*** DATA EXCERPTS ***

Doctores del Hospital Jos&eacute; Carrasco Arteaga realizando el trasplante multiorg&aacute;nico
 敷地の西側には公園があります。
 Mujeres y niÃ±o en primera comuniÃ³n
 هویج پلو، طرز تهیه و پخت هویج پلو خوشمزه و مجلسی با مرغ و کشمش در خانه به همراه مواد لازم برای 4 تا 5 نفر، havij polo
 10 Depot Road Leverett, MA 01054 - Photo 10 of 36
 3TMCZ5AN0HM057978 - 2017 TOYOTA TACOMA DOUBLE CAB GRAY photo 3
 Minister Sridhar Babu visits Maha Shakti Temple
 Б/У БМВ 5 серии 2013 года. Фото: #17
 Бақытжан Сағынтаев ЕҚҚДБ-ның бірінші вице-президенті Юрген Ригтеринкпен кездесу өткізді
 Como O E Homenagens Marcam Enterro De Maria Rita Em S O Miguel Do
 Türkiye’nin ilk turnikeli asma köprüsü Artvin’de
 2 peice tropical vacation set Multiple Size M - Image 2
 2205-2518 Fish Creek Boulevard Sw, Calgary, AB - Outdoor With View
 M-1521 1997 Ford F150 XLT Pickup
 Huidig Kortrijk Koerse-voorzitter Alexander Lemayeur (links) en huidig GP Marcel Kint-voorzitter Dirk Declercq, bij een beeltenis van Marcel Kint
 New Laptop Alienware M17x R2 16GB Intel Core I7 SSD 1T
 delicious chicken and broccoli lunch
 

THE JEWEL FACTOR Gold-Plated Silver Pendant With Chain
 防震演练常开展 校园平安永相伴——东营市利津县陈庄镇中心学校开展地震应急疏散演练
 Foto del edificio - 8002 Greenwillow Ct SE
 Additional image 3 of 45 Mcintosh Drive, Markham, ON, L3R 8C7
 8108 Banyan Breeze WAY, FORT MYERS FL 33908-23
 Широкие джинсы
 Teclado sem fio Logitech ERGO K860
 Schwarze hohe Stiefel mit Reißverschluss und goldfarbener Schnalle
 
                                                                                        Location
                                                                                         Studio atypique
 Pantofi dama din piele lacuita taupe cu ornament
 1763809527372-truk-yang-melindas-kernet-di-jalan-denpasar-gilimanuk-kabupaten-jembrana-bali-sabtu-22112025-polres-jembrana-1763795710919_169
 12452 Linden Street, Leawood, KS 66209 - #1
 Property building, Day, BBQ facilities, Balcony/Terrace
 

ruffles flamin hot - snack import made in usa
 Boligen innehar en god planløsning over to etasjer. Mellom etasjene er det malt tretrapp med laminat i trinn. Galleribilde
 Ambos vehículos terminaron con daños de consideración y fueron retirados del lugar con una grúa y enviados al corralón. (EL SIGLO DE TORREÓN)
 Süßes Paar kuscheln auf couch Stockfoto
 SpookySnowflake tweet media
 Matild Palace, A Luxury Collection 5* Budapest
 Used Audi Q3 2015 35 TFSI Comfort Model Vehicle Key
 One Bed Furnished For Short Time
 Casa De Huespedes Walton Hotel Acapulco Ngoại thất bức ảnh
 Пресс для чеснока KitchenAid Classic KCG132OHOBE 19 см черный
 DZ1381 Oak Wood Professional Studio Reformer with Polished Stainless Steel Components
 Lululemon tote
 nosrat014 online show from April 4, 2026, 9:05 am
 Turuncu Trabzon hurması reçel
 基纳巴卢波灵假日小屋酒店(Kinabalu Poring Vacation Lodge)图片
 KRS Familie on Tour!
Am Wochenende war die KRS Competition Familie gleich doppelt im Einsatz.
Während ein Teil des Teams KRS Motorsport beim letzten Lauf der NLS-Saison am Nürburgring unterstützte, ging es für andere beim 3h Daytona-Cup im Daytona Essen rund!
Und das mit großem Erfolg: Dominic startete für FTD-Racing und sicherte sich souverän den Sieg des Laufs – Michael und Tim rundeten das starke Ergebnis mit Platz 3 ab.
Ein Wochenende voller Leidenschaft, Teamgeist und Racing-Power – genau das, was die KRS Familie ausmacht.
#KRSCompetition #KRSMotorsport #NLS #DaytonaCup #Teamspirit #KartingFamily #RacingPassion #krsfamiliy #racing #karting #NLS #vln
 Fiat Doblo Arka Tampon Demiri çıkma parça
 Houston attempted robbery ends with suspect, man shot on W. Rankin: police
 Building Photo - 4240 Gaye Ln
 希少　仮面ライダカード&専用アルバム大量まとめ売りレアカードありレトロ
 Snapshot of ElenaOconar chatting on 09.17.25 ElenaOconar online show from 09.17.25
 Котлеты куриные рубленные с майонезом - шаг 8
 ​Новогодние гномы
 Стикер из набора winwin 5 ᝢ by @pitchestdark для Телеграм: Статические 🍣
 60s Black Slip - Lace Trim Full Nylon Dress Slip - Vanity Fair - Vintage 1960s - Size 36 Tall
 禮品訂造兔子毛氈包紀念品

*** End of DATA EXCERPTS ***

WHAT THE TASK REQUIRES: All that is wanted is an exact copy of the lines above from the one with "#KRSCompetition #KRSMotorsport #NLS" through the one with "希少　仮面ライダカード&専用アルバム大量まとめ売りレアカードありレトロ", with both ends included.

TASK RESULT:
#KRSCompetition #KRSMotorsport #NLS #DaytonaCup #Teamspirit #KartingFamily #RacingPassion #krsfamiliy #racing #karting #NLS #vln
 Fiat Doblo Arka Tampon Demiri çıkma parça
 Houston attempted robbery ends with suspect, man shot on W. Rankin: police
 Building Photo - 4240 Gaye Ln
 希少　仮面ライダカード&専用アルバム大量まとめ売りレアカードありレトロ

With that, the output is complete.